After 72 years of independence, the story of freedom is one of irreversible loss of life, dignity and place. It is also a saga of division and disruption of the Hindus and the Muslims of the Sindh. People who lived together for generations and worked together for freedom were ripped apart from each other at the time of partition. As Alok Bhalla writes in Partition Dialogues: Memories of a Lost Home:
millions of people were forced to leave their homes, their bastis, their desh, their watan, and undertake a difficult and sorrowful journey.
The experience of Bhaag, Baant, Bantwara, Vibhaqt, Vibhajan and Taqseem in 1947 is drenched in the agony of loss, betrayal, separation and suffering. India paid a heavy price for political freedom; the politics of divide and rule led to the severing of human ties, redrawing of boundaries, division of property – and the nation – in the most gruesome manner.
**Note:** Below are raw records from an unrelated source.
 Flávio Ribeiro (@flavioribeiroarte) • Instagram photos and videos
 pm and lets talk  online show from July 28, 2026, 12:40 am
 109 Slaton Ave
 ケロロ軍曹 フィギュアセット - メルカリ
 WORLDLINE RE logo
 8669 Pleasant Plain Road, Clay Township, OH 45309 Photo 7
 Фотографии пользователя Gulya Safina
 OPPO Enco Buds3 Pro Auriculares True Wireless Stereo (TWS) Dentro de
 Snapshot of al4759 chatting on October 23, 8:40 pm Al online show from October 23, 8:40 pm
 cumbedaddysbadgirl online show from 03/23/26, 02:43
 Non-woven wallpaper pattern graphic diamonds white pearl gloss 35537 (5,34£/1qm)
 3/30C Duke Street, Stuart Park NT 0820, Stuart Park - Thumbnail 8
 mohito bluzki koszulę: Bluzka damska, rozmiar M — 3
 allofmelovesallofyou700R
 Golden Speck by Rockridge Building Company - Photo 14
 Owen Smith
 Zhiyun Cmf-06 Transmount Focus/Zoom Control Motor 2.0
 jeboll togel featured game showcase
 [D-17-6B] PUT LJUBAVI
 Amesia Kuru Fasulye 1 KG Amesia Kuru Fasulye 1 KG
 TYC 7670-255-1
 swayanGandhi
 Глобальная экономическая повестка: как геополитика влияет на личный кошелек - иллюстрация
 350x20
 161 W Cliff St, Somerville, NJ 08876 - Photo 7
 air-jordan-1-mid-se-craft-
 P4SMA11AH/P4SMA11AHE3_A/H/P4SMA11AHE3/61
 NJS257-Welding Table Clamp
With the blood of Indians on their hands, the imperialists left South Asia with a legacy of divide and fight, disunite and perish. However, despite the distrust and disquiet, the voice of sanity prevails in certain quarters and mourns the loss with an invincible hope that life would become better for both India and Pakistan. Qazi Abdul Jaleel, popularly known as Amar Jaleel, one of the most distinguished and controversial Sindhi writers in Pakistan, is one such voice of reason.